Pictures with short captions:
☆ ☆ ☆ ☆ ☆ ☆ ☆
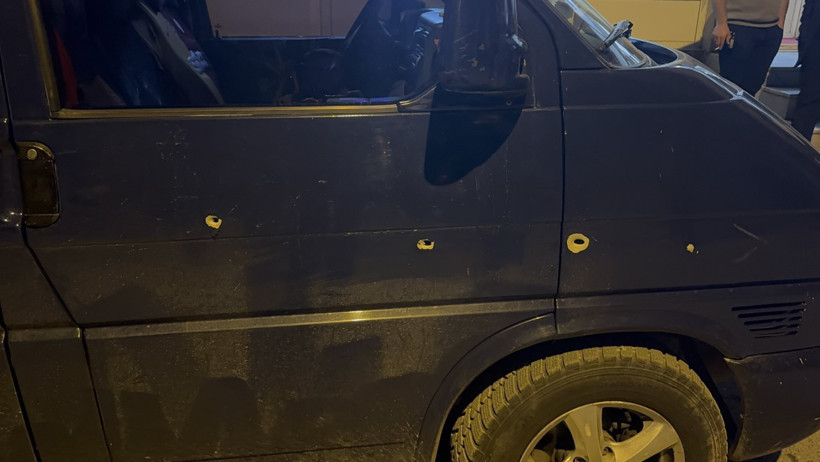 İstanbul’da sokak ortasında silahlı saldırı: 2 yaralı - Resim : 1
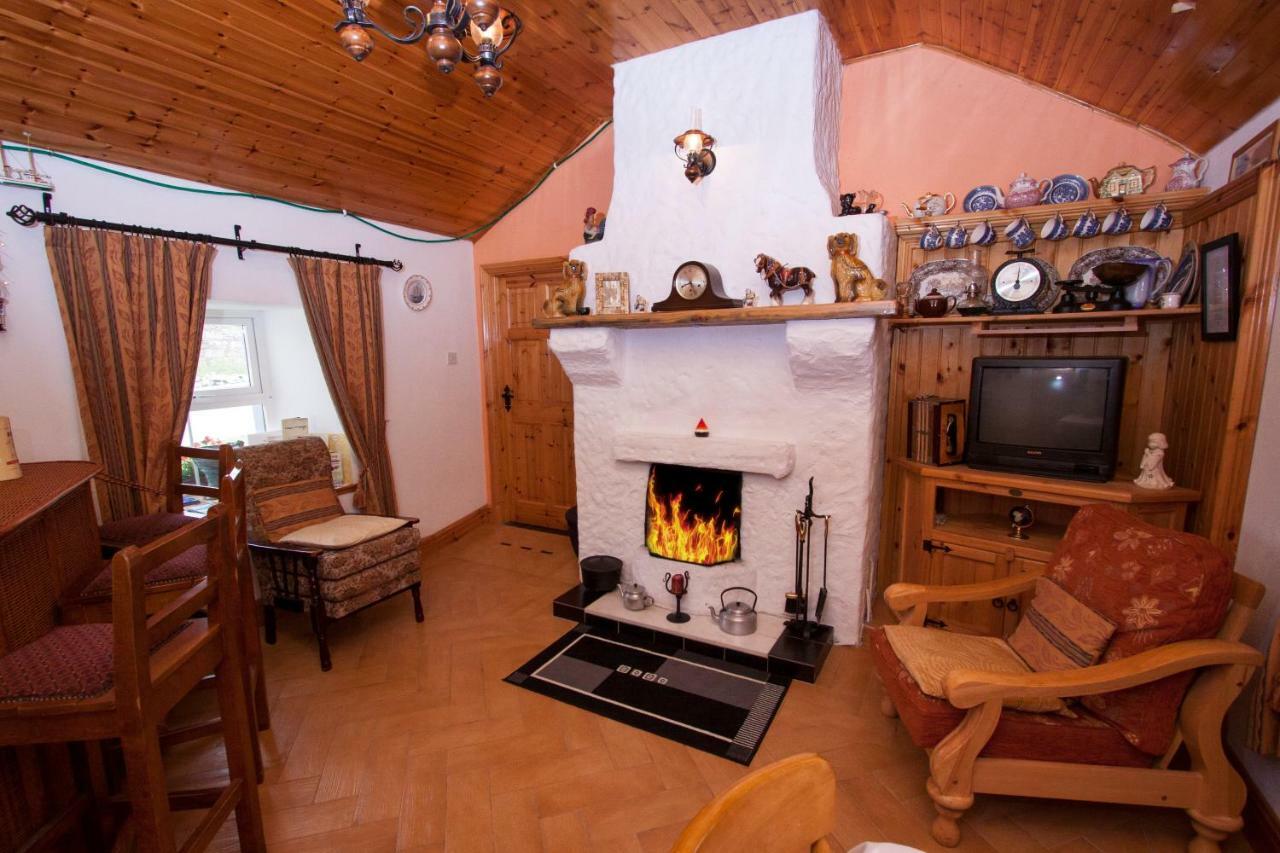 Beezies Self Catering Cottages Grange  ภายนอก รูปภาพ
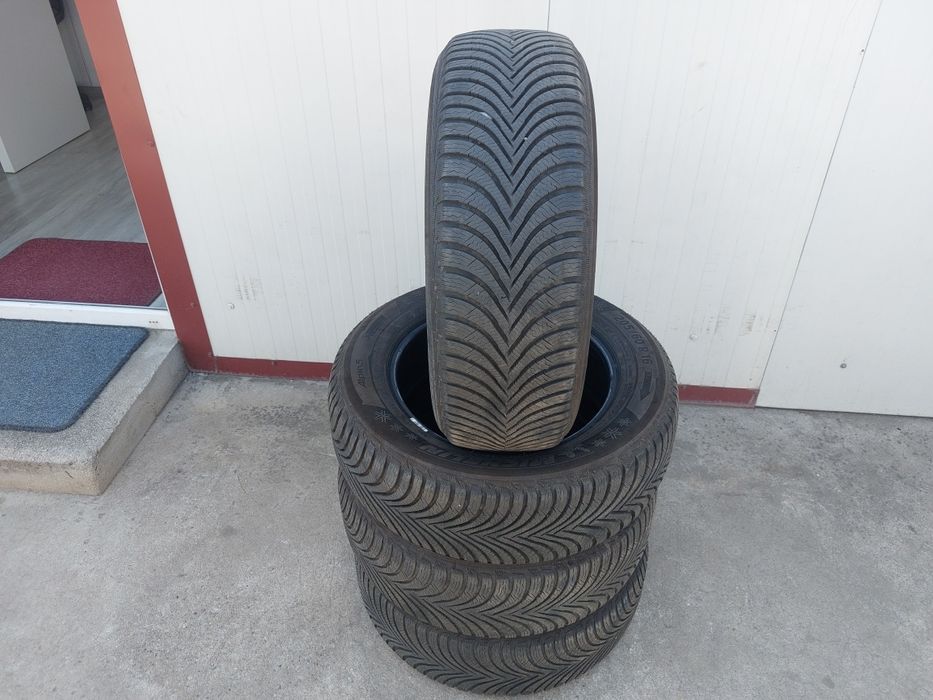 125 lei bucata! Set anvelope M+S/IARNA 205 60 16 Michelin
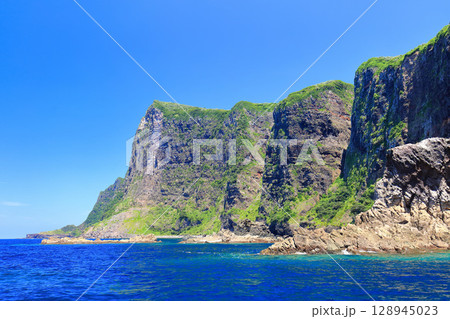 【島根県】国賀めぐり定期観光船から見た摩天崖（隠岐の島　西ノ島） 128945023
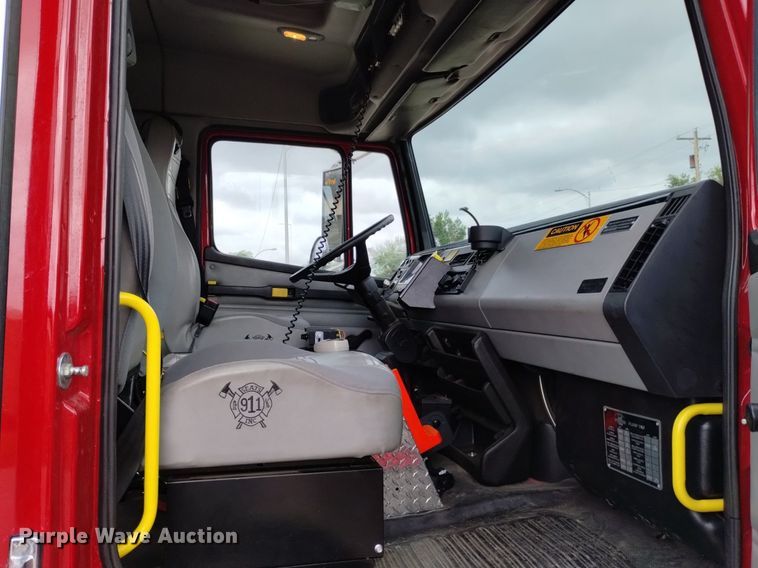 image for item DP3281 2001 Freightliner FL80  pumper fire truck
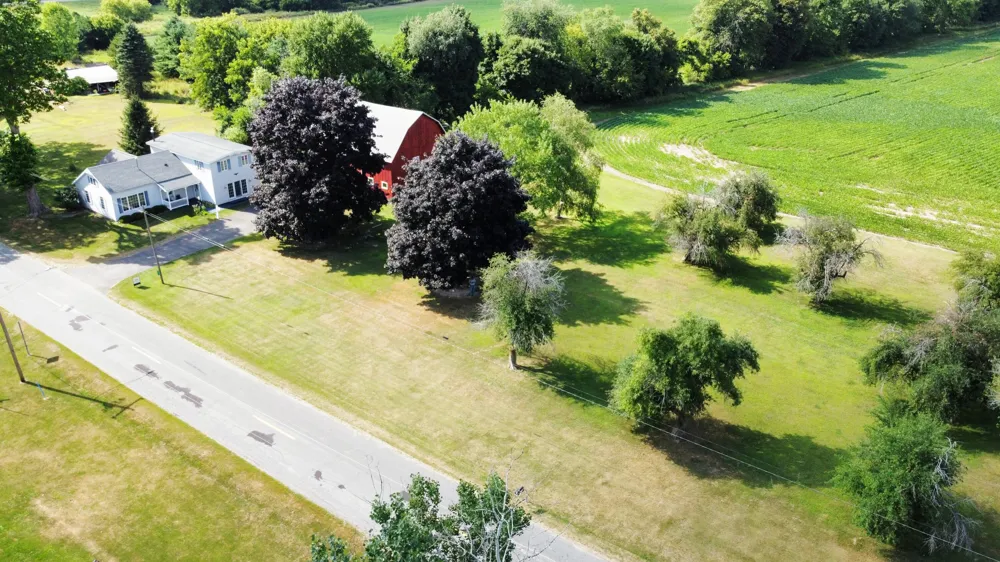 2151 E Coral Road NE Edmore, MI 48829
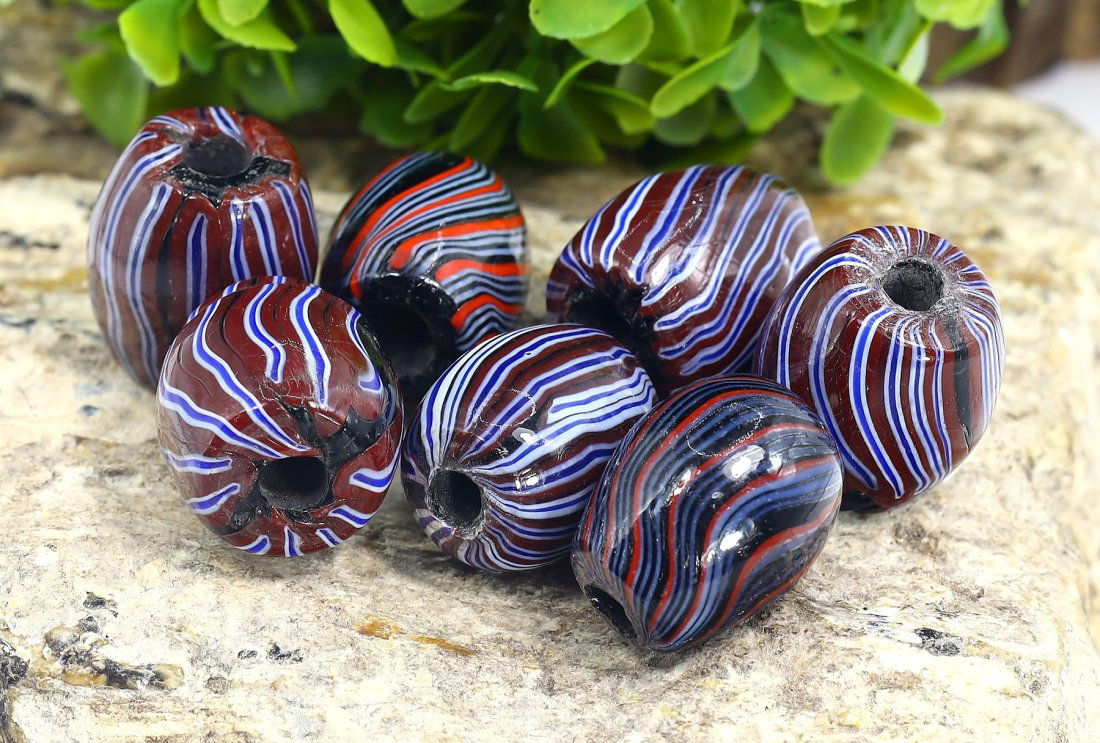 Collection of Lampwork Glass Bead Art Glass Paperweight: 21x17.5mm Weight: 73.5gaems (Before Packing) Thousand Planet Auction House Season 5: Ten2Go Antique Beads Collection Auction. A bargain hunter's, fixer-upper's, and pack-rat's dream come true! Our Ten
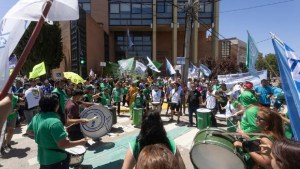 Paro de la CGT del 9 de mayo en Río Negro: marchas en Cipolletti y Roca, qué pasa en Viedma y Bariloche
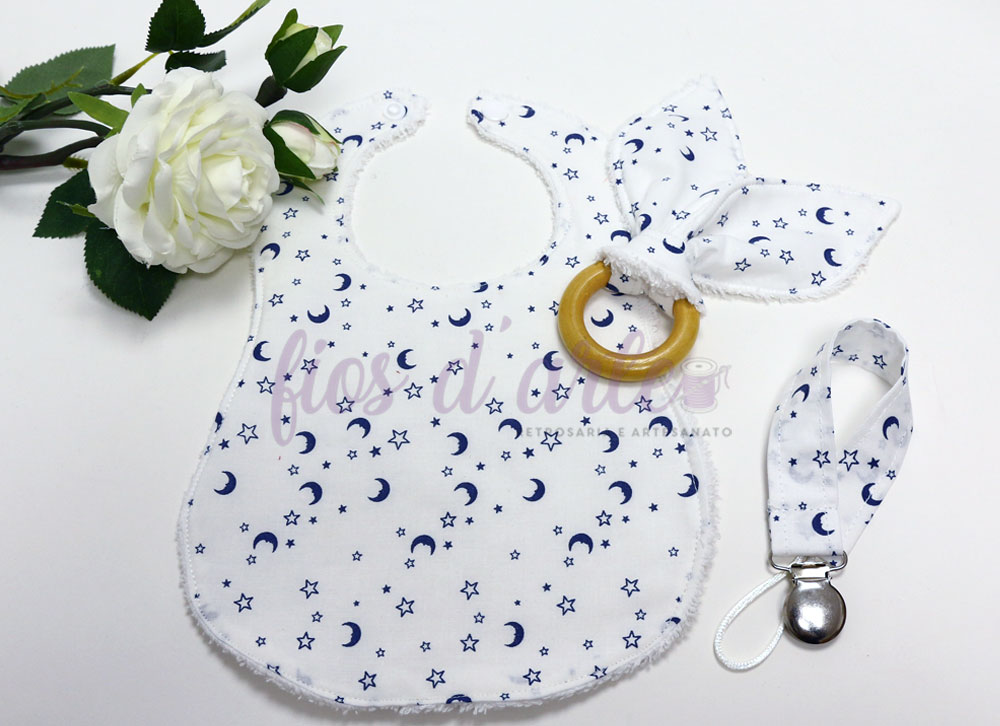 Conjunto de 3 peças para bebé - branco com estrelas e luas azul marinho (Fios d'arte) Conjunto bebé babete, mordedor e prendedor de chupeta branco com padrão de estrelas e luas azuis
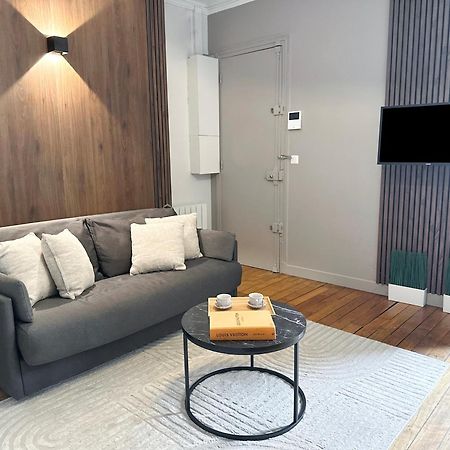 Appartamento Unique Flat Near Louvre & Palais Royal Parigi Esterno foto
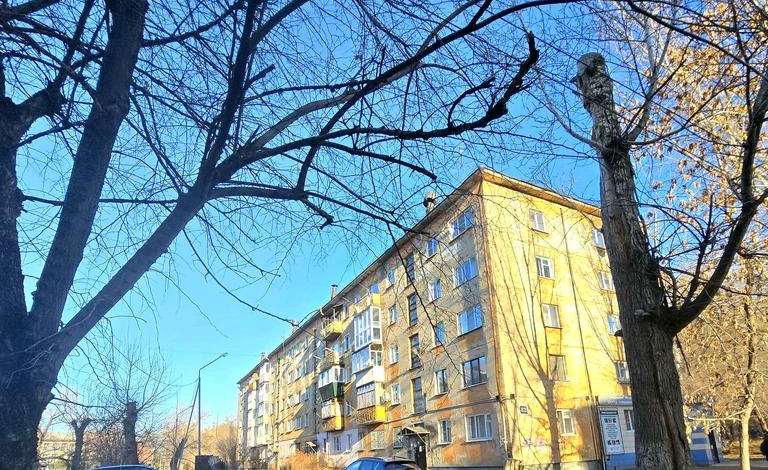 2-комнатная квартира · 44 м² · 5/5 этаж, Крылова 82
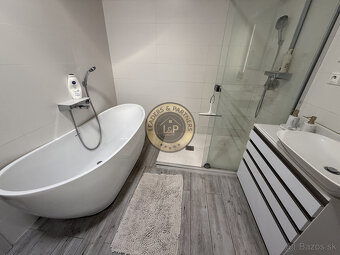 Na predaj luxusný rodinný dom v Senici - 17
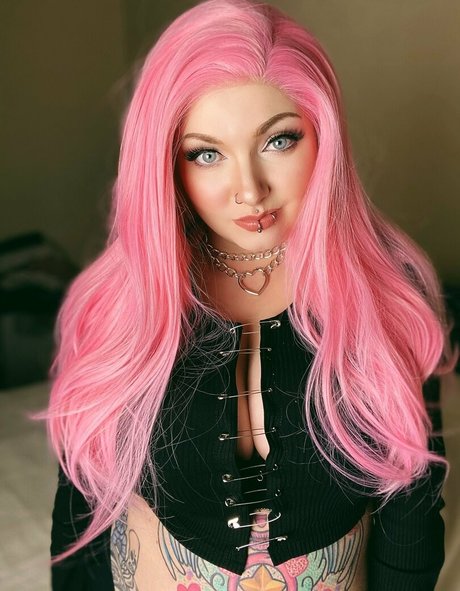 nayrusuicide star best pic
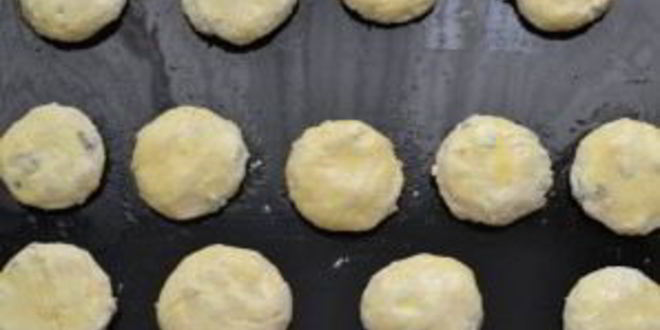 Рецепт сырников с изюмом и лимоном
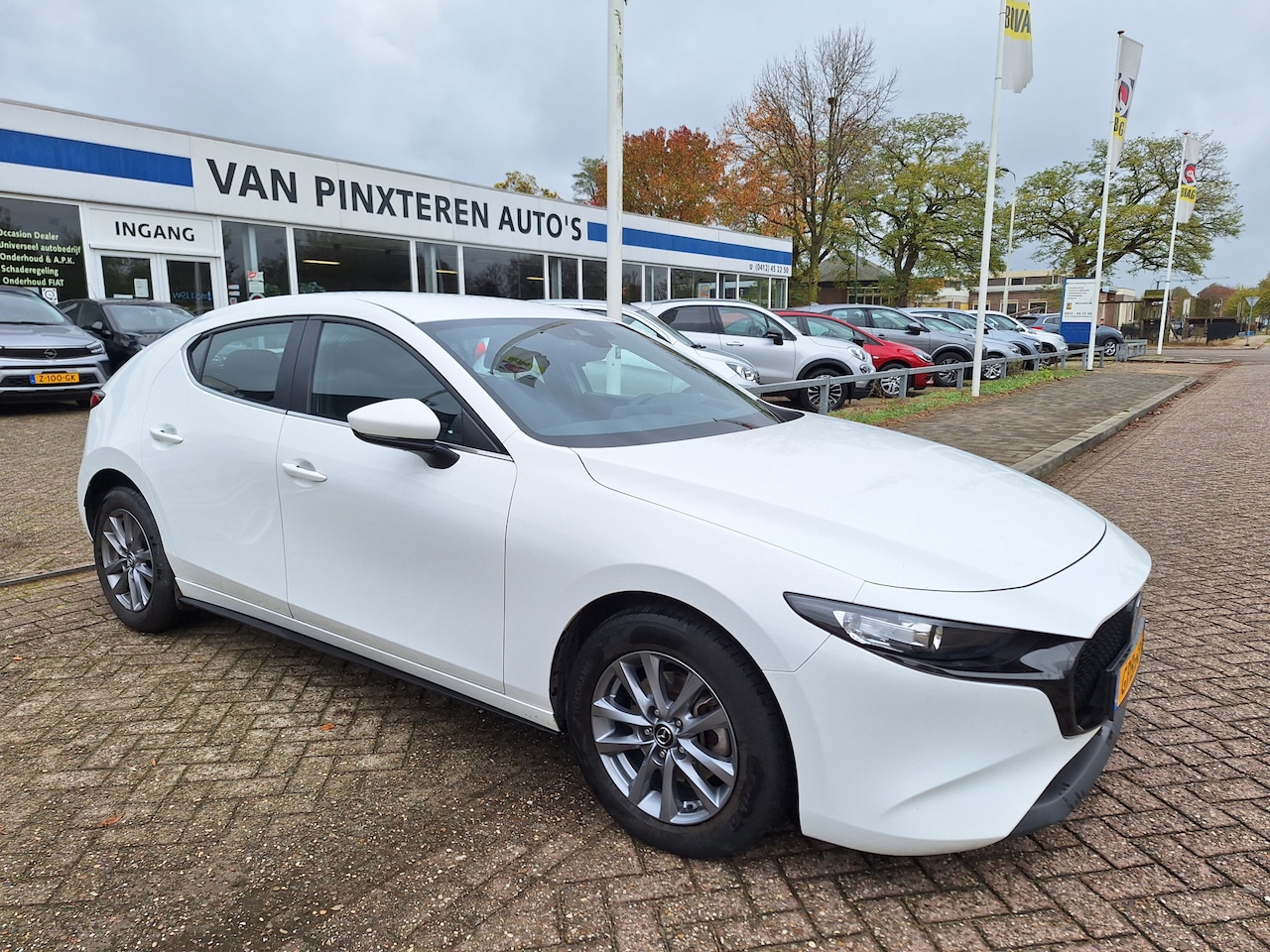 Mazda 3 - 2.0 e-SkyActiv-G M Hybrid 122 - AutoWereld.nl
☆ ☆ ☆ ☆ ☆ ☆ ☆
**Description of the task:** The line containing "2151 E Coral Road NE Edmore, MI 48829" and every line after it, through the end of the records, are what you should retype exactly. Do not include the pictures.

**Worked solution:**
 2151 E Coral Road NE Edmore, MI 48829
 Collection of Lampwork Glass Bead Art Glass Paperweight: 21x17.5mm Weight: 73.5gaems (Before Packing) Thousand Planet Auction House Season 5: Ten2Go Antique Beads Collection Auction. A bargain hunter's, fixer-upper's, and pack-rat's dream come true! Our Ten
 Paro de la CGT del 9 de mayo en Río Negro: marchas en Cipolletti y Roca, qué pasa en Viedma y Bariloche
 Conjunto de 3 peças para bebé - branco com estrelas e luas azul marinho (Fios d'arte) Conjunto bebé babete, mordedor e prendedor de chupeta branco com padrão de estrelas e luas azuis
 Appartamento Unique Flat Near Louvre & Palais Royal Parigi Esterno foto
 2-комнатная квартира · 44 м² · 5/5 этаж, Крылова 82
 Na predaj luxusný rodinný dom v Senici - 17
 nayrusuicide star best pic
 Рецепт сырников с изюмом и лимоном
 Mazda 3 - 2.0 e-SkyActiv-G M Hybrid 122 - AutoWereld.nl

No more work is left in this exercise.